Les preuves indiquent que faire de l’exercice au moins deux fois par semaine est associé à une diminution du risque cardiovasculaire, car cela aide le cœur à battre plus fort, maintient la tension artérielle stable et abaisse le cholestérol.

Conseils utiles

L’introduction d’exercices réguliers dans les habitudes de vie réduit non seulement le risque cardiovasculaire, mais est également excellente pour maintenir une bonne humeur et réduire le stress. L’idéal est de pratiquer un sport et si ce n’est pas possible, créer une routine d’exercices.

La chose la plus conseillée est de commencer par des activités moins exigeantes et d’augmenter progressivement. Les données suivantes sur le niveau d’activité aident à mieux programmer le plan d’exercice.

  • Activité physique légère. C’est la bonne pour commencer lorsqu’une personne est sédentaire. Incluez des activités telles que la marche, la natation lente, le golf, le Tai-Chi, le yoga ou le Pilates.
  • Activité physique modérée. Après quelques semaines d’activité physique légère, sauf indication contraire de votre médecin, vous pouvez augmenter l’intensité. Des activités telles que la danse de salon, le vélo, la natation, la marche rapide ou l’équitation peuvent convenir.
  • Activité physique intense. Il ne doit être démarré que s’il est clair qu’il n’y a aucun risque. Il comprend des activités telles que l’escalade, la danse aérobique, l’athlétisme, le canoë et la pratique de tout sport à un rythme intense.

Il est conseillé de faire des exercices de musculation quelques jours par semaine.
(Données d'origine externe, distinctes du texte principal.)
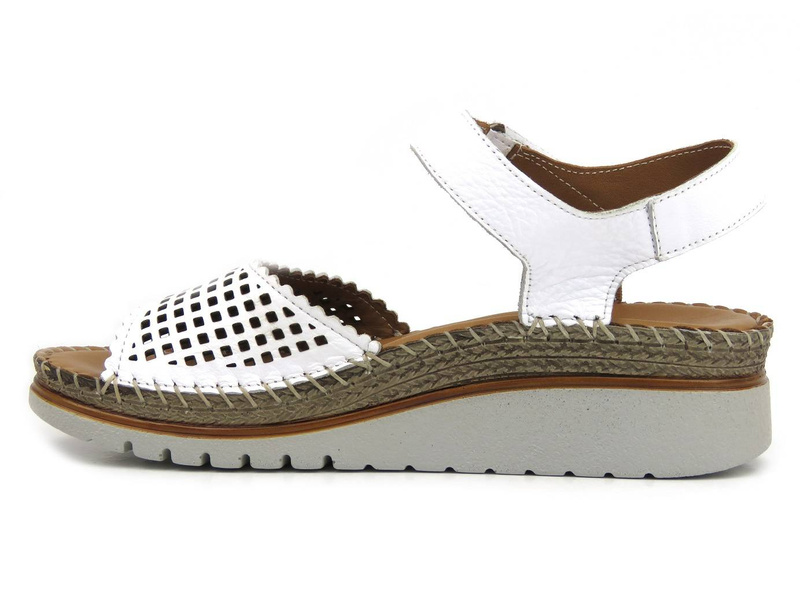 Sandały damskie na niewielkim koturnie - PIAZZA 910077-03, białe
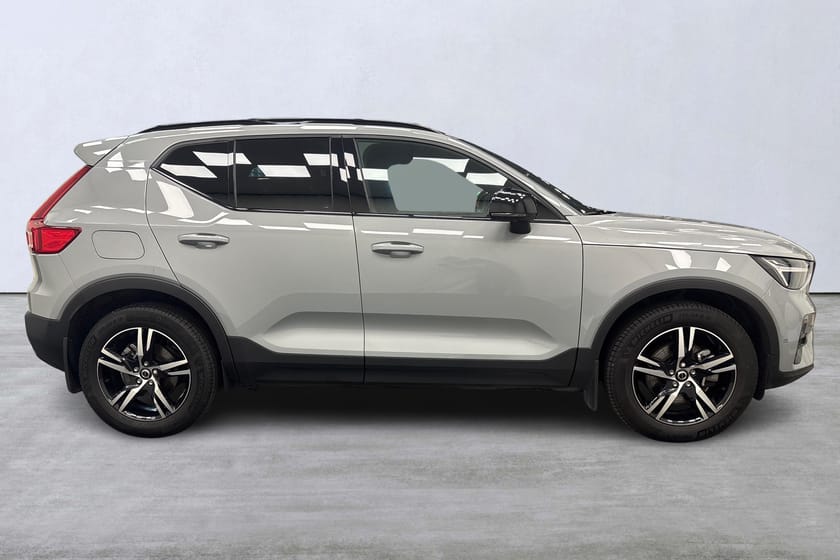 Bild 3 av Volvo XC40 B3 FWD Bensin Plus Dark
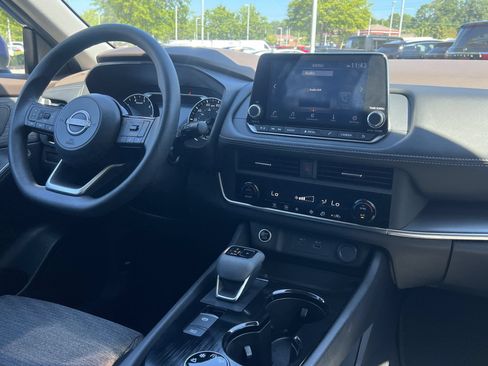 Certified 2023 Nissan Rogue SV AWD/4WD image 4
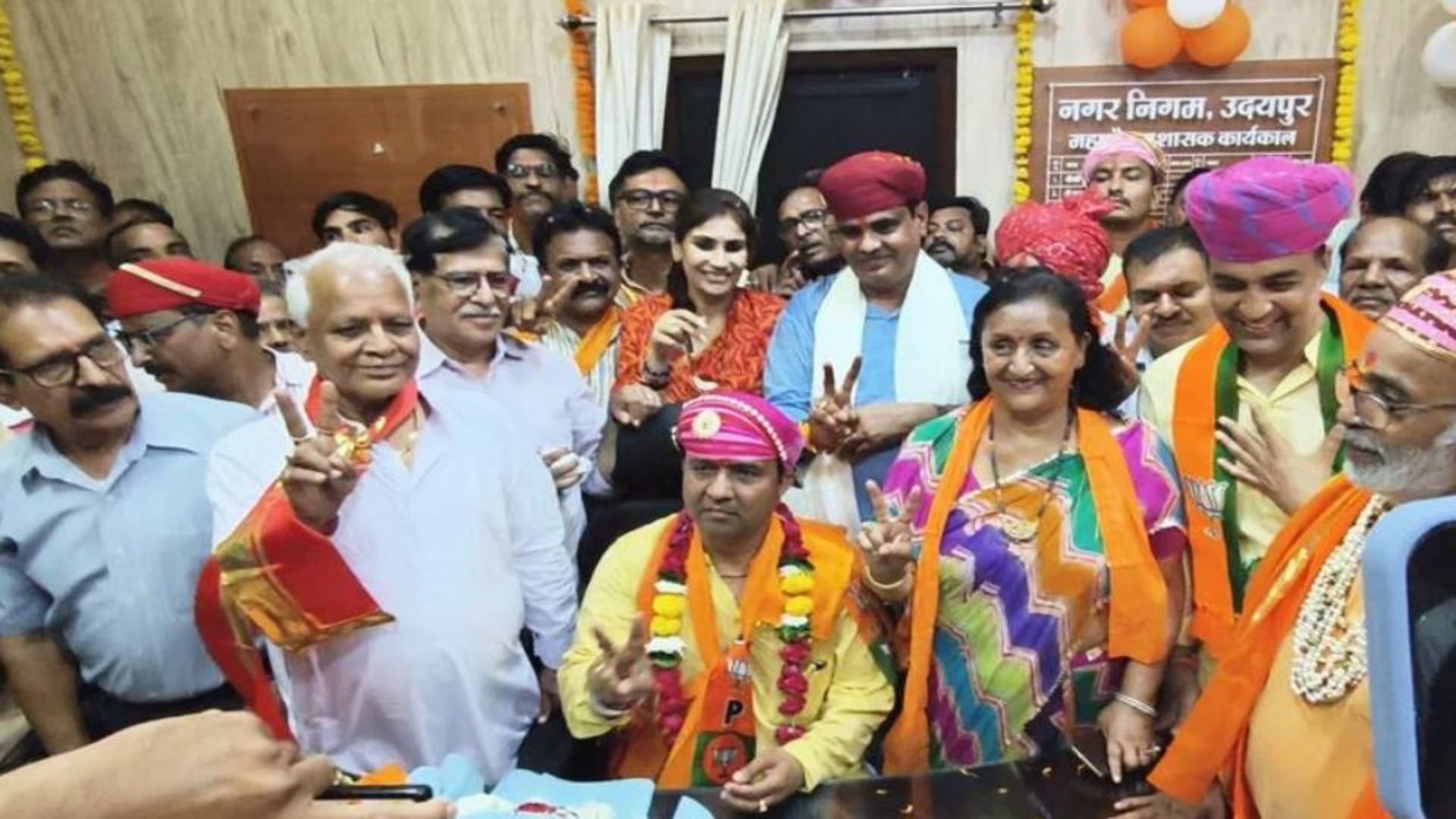 पदभार ग्रहण करने पहुंचे नवनिर्वाचित महापौर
Les bandes d’haltérophilie ou de résistance sont très pratiques. Il est conseillé de surveiller les signes vitaux et d’arrêter l’activité en cas d’étourdissements ou d’essoufflement. Au fil du temps, la capacité du corps à mieux réagir est augmentée.
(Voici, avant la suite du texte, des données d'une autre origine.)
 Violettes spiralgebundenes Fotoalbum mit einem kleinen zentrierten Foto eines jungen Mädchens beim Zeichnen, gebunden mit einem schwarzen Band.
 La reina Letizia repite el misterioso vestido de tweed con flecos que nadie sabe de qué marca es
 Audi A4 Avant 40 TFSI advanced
Prévention du risque cardiovasculaire

Des études indiquent que les meilleurs résultats sont obtenus lorsqu’une alimentation saine est associée à une activité physique régulière. Une mesure améliore l’autre et la rend plus rentable. Pour cette raison, il est préférable d’adopter les deux habitudes en même temps.

Il est normal qu’au début il y ait de la résistance à adopter de nouvelles habitudes. Cependant, une fois que vous commencez et que vous brisez cette barrière initiale petit à petit, tout devient plus facile. En moyenne, il faut un peu plus de deux mois à une personne pour intégrer une nouvelle habitude. Le résultat final ? Prévenir plutôt que guérir.